## WHAT TO PRODUCE
Whatever the records say, give every one of them again exactly.

## INFORMATION SUPPLIED
**********

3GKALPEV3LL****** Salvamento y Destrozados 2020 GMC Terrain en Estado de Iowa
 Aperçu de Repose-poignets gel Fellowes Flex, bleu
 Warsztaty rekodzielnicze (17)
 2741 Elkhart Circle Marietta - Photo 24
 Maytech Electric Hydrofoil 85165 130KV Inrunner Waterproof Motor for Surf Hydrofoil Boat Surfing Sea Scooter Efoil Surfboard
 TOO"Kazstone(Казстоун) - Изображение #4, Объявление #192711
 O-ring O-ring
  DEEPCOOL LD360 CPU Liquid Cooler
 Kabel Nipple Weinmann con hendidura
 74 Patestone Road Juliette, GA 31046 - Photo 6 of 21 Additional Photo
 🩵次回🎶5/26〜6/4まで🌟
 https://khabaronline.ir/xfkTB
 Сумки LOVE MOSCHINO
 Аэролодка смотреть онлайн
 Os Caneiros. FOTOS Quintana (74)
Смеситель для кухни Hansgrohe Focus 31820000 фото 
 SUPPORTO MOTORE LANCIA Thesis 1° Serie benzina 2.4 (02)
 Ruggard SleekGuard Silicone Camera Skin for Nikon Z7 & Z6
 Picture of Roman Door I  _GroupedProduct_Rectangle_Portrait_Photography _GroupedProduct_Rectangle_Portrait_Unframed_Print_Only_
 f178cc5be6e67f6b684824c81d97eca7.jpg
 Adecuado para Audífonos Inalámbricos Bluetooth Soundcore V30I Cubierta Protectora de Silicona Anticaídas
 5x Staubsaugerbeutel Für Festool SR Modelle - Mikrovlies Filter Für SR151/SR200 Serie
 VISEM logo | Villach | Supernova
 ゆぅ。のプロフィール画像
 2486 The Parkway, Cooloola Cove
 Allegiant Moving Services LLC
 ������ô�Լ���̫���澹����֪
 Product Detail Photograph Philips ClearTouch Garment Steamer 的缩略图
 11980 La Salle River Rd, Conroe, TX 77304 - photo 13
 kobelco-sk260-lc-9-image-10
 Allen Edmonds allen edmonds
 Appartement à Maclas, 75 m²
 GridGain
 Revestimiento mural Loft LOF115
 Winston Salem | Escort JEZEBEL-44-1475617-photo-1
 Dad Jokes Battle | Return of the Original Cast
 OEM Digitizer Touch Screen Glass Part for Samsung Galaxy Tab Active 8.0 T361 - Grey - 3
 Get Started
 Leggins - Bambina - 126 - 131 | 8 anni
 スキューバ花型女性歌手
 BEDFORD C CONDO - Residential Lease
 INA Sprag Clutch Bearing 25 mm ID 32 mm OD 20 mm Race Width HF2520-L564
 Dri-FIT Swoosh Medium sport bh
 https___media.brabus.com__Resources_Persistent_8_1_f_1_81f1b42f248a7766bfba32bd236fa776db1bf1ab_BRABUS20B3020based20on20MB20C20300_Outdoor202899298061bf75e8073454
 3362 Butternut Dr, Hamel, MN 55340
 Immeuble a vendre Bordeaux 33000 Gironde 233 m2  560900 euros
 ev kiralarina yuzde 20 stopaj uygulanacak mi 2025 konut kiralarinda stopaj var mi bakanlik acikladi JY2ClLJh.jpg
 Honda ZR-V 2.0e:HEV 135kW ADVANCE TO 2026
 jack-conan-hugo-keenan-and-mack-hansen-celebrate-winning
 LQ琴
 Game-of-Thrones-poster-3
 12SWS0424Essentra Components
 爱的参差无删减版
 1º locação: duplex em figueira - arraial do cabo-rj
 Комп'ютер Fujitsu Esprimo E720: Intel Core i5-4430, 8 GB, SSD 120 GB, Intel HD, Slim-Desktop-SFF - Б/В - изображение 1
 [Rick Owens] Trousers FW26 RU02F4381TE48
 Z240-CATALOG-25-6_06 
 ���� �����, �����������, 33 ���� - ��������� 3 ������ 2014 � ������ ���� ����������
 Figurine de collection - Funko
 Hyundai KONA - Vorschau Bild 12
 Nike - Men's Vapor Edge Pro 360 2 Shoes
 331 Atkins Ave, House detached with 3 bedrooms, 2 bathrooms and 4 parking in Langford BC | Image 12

**********

## TASK OUTPUT
3GKALPEV3LL****** Salvamento y Destrozados 2020 GMC Terrain en Estado de Iowa
 Aperçu de Repose-poignets gel Fellowes Flex, bleu
 Warsztaty rekodzielnicze (17)
 2741 Elkhart Circle Marietta - Photo 24
 Maytech Electric Hydrofoil 85165 130KV Inrunner Waterproof Motor for Surf Hydrofoil Boat Surfing Sea Scooter Efoil Surfboard
 TOO"Kazstone(Казстоун) - Изображение #4, Объявление #192711
 O-ring O-ring
  DEEPCOOL LD360 CPU Liquid Cooler
 Kabel Nipple Weinmann con hendidura
 74 Patestone Road Juliette, GA 31046 - Photo 6 of 21 Additional Photo
 🩵次回🎶5/26〜6/4まで🌟
 https://khabaronline.ir/xfkTB
 Сумки LOVE MOSCHINO
 Аэролодка смотреть онлайн
 Os Caneiros. FOTOS Quintana (74)
Смеситель для кухни Hansgrohe Focus 31820000 фото 
 SUPPORTO MOTORE LANCIA Thesis 1° Serie benzina 2.4 (02)
 Ruggard SleekGuard Silicone Camera Skin for Nikon Z7 & Z6
 Picture of Roman Door I  _GroupedProduct_Rectangle_Portrait_Photography _GroupedProduct_Rectangle_Portrait_Unframed_Print_Only_
 f178cc5be6e67f6b684824c81d97eca7.jpg
 Adecuado para Audífonos Inalámbricos Bluetooth Soundcore V30I Cubierta Protectora de Silicona Anticaídas
 5x Staubsaugerbeutel Für Festool SR Modelle - Mikrovlies Filter Für SR151/SR200 Serie
 VISEM logo | Villach | Supernova
 ゆぅ。のプロフィール画像
 2486 The Parkway, Cooloola Cove
 Allegiant Moving Services LLC
 ������ô�Լ���̫���澹����֪
 Product Detail Photograph Philips ClearTouch Garment Steamer 的缩略图
 11980 La Salle River Rd, Conroe, TX 77304 - photo 13
 kobelco-sk260-lc-9-image-10
 Allen Edmonds allen edmonds
 Appartement à Maclas, 75 m²
 GridGain
 Revestimiento mural Loft LOF115
 Winston Salem | Escort JEZEBEL-44-1475617-photo-1
 Dad Jokes Battle | Return of the Original Cast
 OEM Digitizer Touch Screen Glass Part for Samsung Galaxy Tab Active 8.0 T361 - Grey - 3
 Get Started
 Leggins - Bambina - 126 - 131 | 8 anni
 スキューバ花型女性歌手
 BEDFORD C CONDO - Residential Lease
 INA Sprag Clutch Bearing 25 mm ID 32 mm OD 20 mm Race Width HF2520-L564
 Dri-FIT Swoosh Medium sport bh
 https___media.brabus.com__Resources_Persistent_8_1_f_1_81f1b42f248a7766bfba32bd236fa776db1bf1ab_BRABUS20B3020based20on20MB20C20300_Outdoor202899298061bf75e8073454
 3362 Butternut Dr, Hamel, MN 55340
 Immeuble a vendre Bordeaux 33000 Gironde 233 m2  560900 euros
 ev kiralarina yuzde 20 stopaj uygulanacak mi 2025 konut kiralarinda stopaj var mi bakanlik acikladi JY2ClLJh.jpg
 Honda ZR-V 2.0e:HEV 135kW ADVANCE TO 2026
 jack-conan-hugo-keenan-and-mack-hansen-celebrate-winning
 LQ琴
 Game-of-Thrones-poster-3
 12SWS0424Essentra Components
 爱的参差无删减版
 1º locação: duplex em figueira - arraial do cabo-rj
 Комп'ютер Fujitsu Esprimo E720: Intel Core i5-4430, 8 GB, SSD 120 GB, Intel HD, Slim-Desktop-SFF - Б/В - изображение 1
 [Rick Owens] Trousers FW26 RU02F4381TE48
 Z240-CATALOG-25-6_06 
 ���� �����, �����������, 33 ���� - ��������� 3 ������ 2014 � ������ ���� ����������
 Figurine de collection - Funko
 Hyundai KONA - Vorschau Bild 12
 Nike - Men's Vapor Edge Pro 360 2 Shoes
 331 Atkins Ave, House detached with 3 bedrooms, 2 bathrooms and 4 parking in Langford BC | Image 12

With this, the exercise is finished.